Designing a General Purpose Heat Pump Controller

Hey guys I've been a lurker to these forums for a bit. I don't know anything about the technical parts about hvac stuff but i do know micro controllers, and arduinos. A arduino can definitely handle a controller for this application. If there is any doubt you can head over (diydrones dot com), you'll see that they wrote a complete Auto Pilot for Rc planes. its fully featured and from a computational standpoint i think it would be doing a lot more than this controller.

plus the Arduino has waaaaay more support(software, hardware). if you had all the parts you could prob have something up and running in the time it would take you to get a cross compiler set up for another Microcontroller

[Ormston]

Quote:

Originally Posted by AC_Hacker

When communicating with the LCD, via I2C, you need to include the LCD library and also the I2C library, right??

Only library's to include are

#include <Wire.h>
#include <LiquidCrystal_I2C.h>

Simple "Hello World" sketch compiles to 7,808 bytes with I2C or 5,882 bytes with standard connections.

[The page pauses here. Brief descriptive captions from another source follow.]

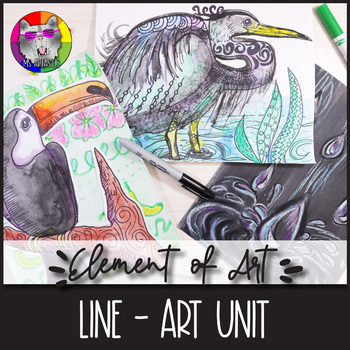 Preview of Elements of Art LINE Art Lessons, Activities, Worksheets, Art Project Unit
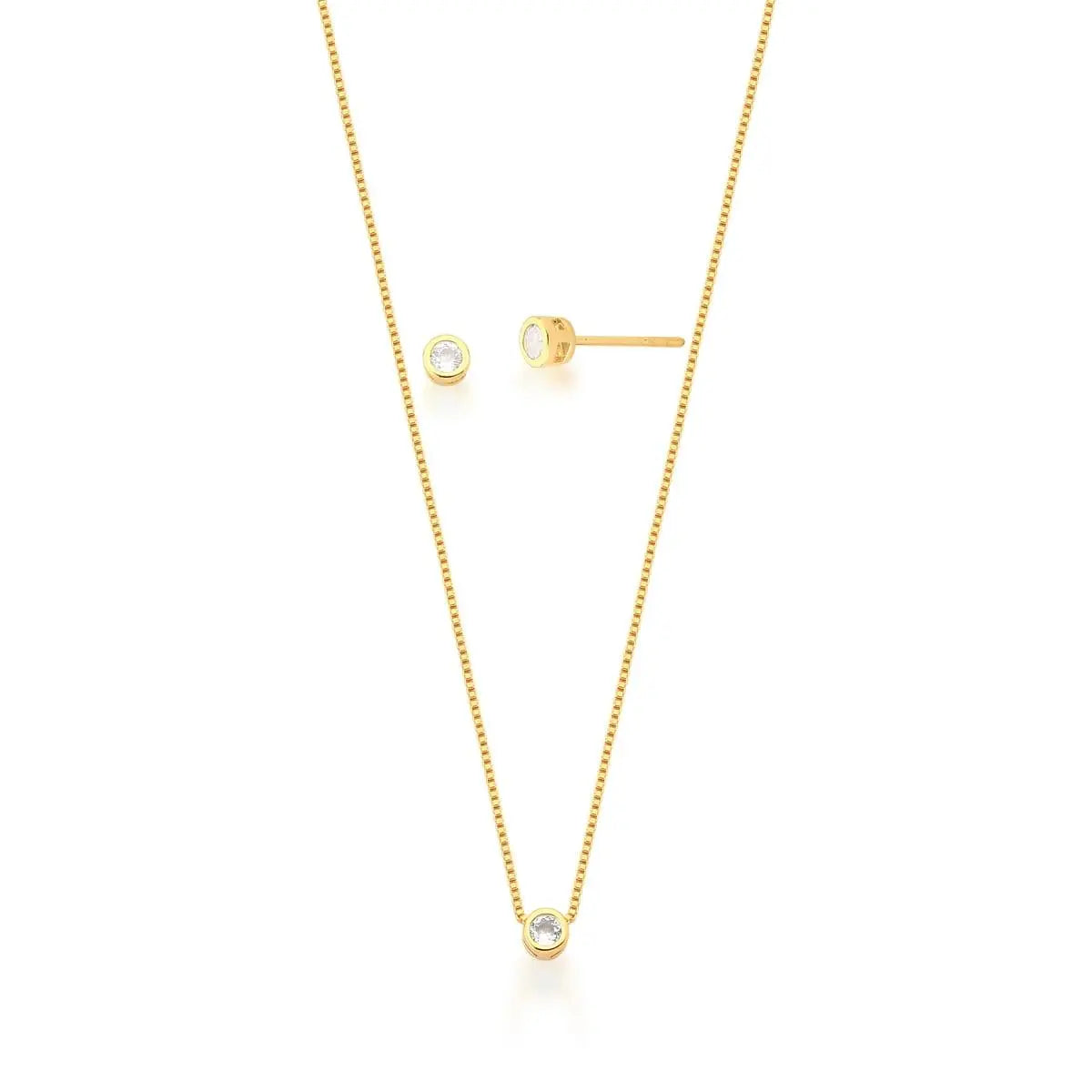 Conjunto Brinco e Pingente Ponto de Luz
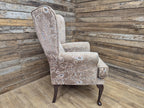 Vintage Tall High Seat Country House Style Wing Back Armchair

I think the difference is the inclusion of the Wire.h needed to use I2C

Steve

[AC_Hacker]

Quote:

Originally Posted by AC_Hacker

OK, I reluctantly ordered two flow sensors, and they arrived today.

I learned something today that may be of greater interest to N. American readers that others...

I went to a hardware store to explore my options when I integrate this 1" diameter flow sensor into my heat pump design.

I found that a 1" NPT female thread adapter will not thread all the way on. In fact, one PVC adapter only went on < one full turn. Another, a brass adapter, went on about 2.5 turns before stopping.

Then I took a close look at the threads and noticed that they are not tapered, the way NPT female threads are.

This means that it is a British Standard Pipe (BSP)thread (BSPP (British Standard Parallel Pipe, to be exact).

Both British standard and National pipe thread standards specify a thread taper of 1:16.

But as randen found out, the pitch of BSP and NPT are ever so slightly different.

However, I did find this INTERESTING_READING_HERE:

Quote:

Threads
Here's a little primer on threads. You may find it useful.
NPT (national pipe thread) is the standard pipe thread in the USA. FPT (FMPT) and MPT (MNPT) simply denote female or male. Virtually all the NPT threads that you will find are 'tapered'.

BSPT (British Standard Pipe Tapered) or BSPP (British Standard Pipe Parallel) are the common pipe threads used in England and also in Europe. 'Metric' is a broadly used term to describe not only these threads but also other 'metric' threads used in Europe. The threads on our Italian equipment are BSPP although you will also see them called GAS. For example the spigots on small Italian tanks are BSPP.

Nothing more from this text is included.